- Nashoba Location within the state of Oklahoma Nashoba Nashoba (the United States)
- Coordinates: 34°28′54″N 95°12′52″W﻿ / ﻿34.48167°N 95.21444°W
- Country: United States
- State: Oklahoma
- County: Pushmataha

Area
- • Total: 0.50 sq mi (1.29 km^{2})
- • Land: 0.49 sq mi (1.28 km^{2})
- • Water: 0.0039 sq mi (0.01 km^{2})
- Elevation: 692 ft (211 m)

Population (2020)
- • Total: 51
- • Density: 102.9/sq mi (39.74/km^{2})
- Time zone: UTC-6 (Central (CST))
- • Summer (DST): UTC-5 (CDT)
- FIPS code: 40-50350
- GNIS feature ID: 2805344

= Nashoba, Oklahoma =

Nashoba is an unincorporated community in Pushmataha County, Oklahoma, United States, 11 miles southeast of Tuskahoma. As of the 2020 census, Nashoba had a population of 51.

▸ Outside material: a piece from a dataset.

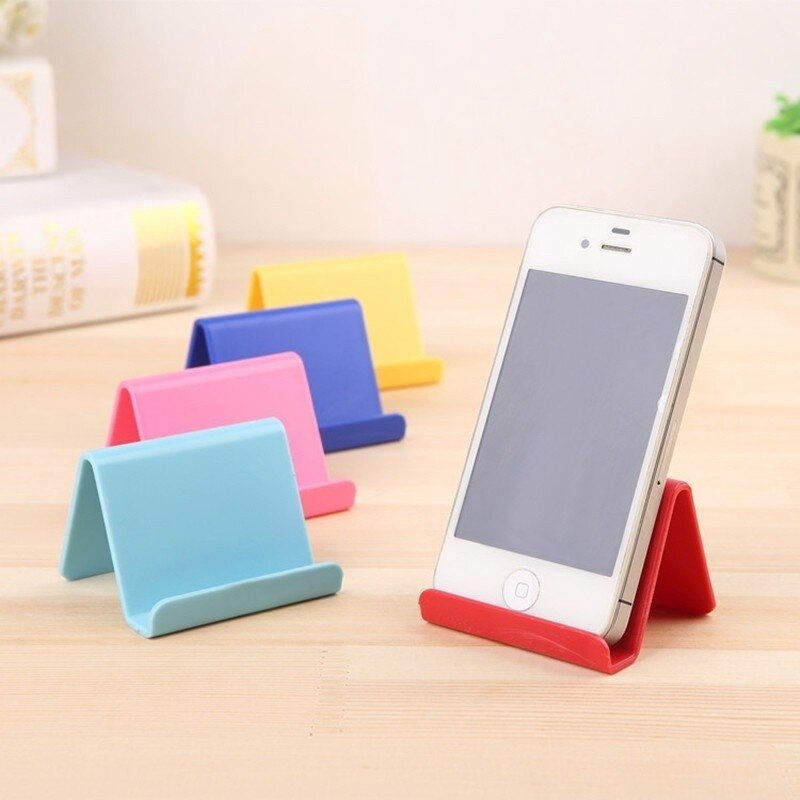 1Pc Cell Phone Stand For Desk (Random Colour) - Image 5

A United States Post Office opened at Nashoba, Indian Territory on September 13, 1886. The community took its name from Nashoba County, Choctaw Nation. The county took its name from nashoba, the word in the Choctaw language for “wolf”, and the county was often referred to as Wolf County.

Portions of the Nashoba area were formerly in Nashoba County, Choctaw Nation. Nashoba County was disestablished upon Oklahoma statehood on November 16, 1907 and incorporated into McCurtain County and Pushmataha County.

Transportation in the Nashoba area was revolutionized during the 1950s with the construction of U.S. Highway 271, an all-weather paved highway connecting it to Clayton on the north and Antlers on the south. Oklahoma State Highway 144 connects Nashoba with Honobia and the mountain communities to its east.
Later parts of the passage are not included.